Another virtual unknown is his short story They Know Not Whom to Mourn, that tells of a member of the family lying upstairs on his deathbed with many relatives around the house preparing to mourn him. But he miraculously recovers and in the middle of their celebrations they discover one of their kin sitting lifeless in a chair downstairs with a bottle of poison next to his hand. No one paid attention to whatever troubled him, and ironically, they were expecting the death of the wrong person. It is a typically Mittleholzeresque haunting tale that draws attention to the unknown, the brooding and the unexpected.

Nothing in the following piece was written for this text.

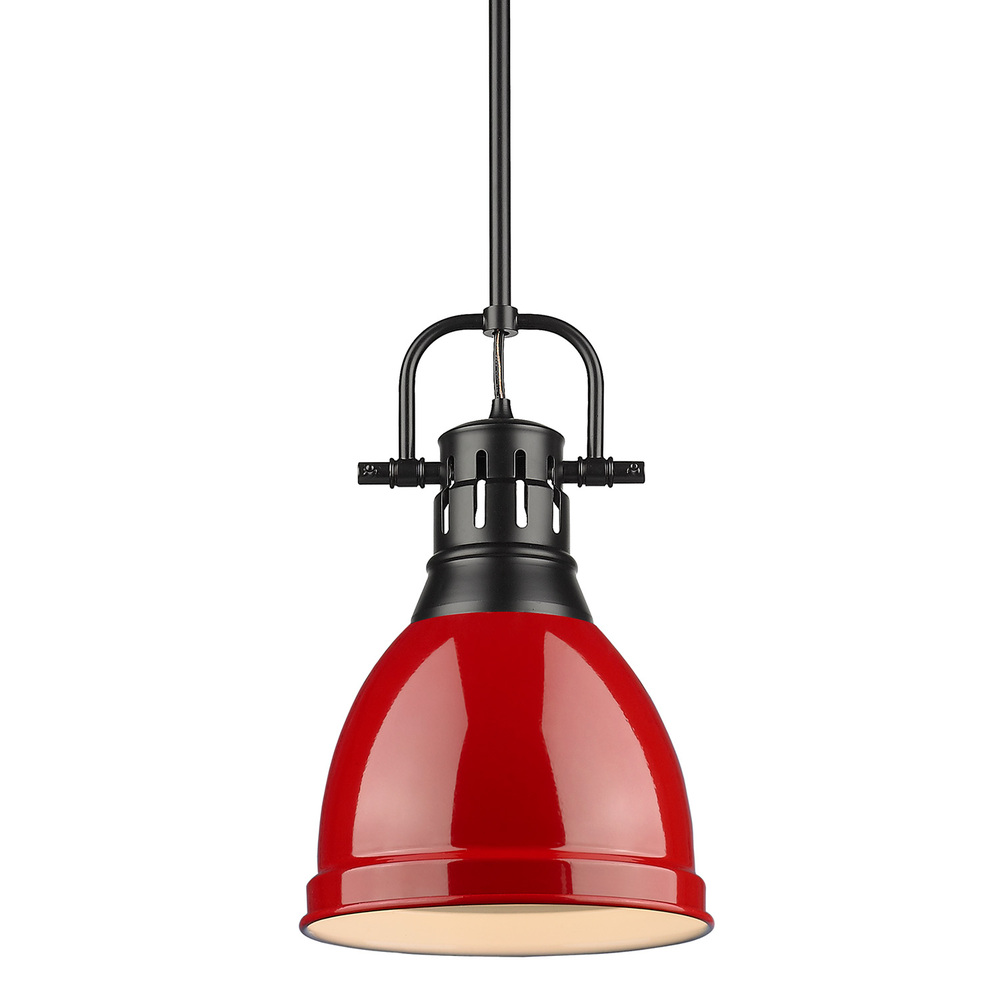 Duncan Small Pendant with Rod in Matte Black with a Red Shade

In Mittelholzer’s hometown he is remembered by an empty plot of land on Coburg Street where his house used to stand. It is neatly packaged: a well-manicured plot of land enclosed by a well-kept fence, even with flowers, but empty. He has immortalised New Amsterdam, the Berbice River with its history of ghosts and slave rebellions. The nation needs to immortalise him in return, and that is why the annual lecture series in his memory is maintained as such a monument to his contribution to Guyanese and West Indian Literature.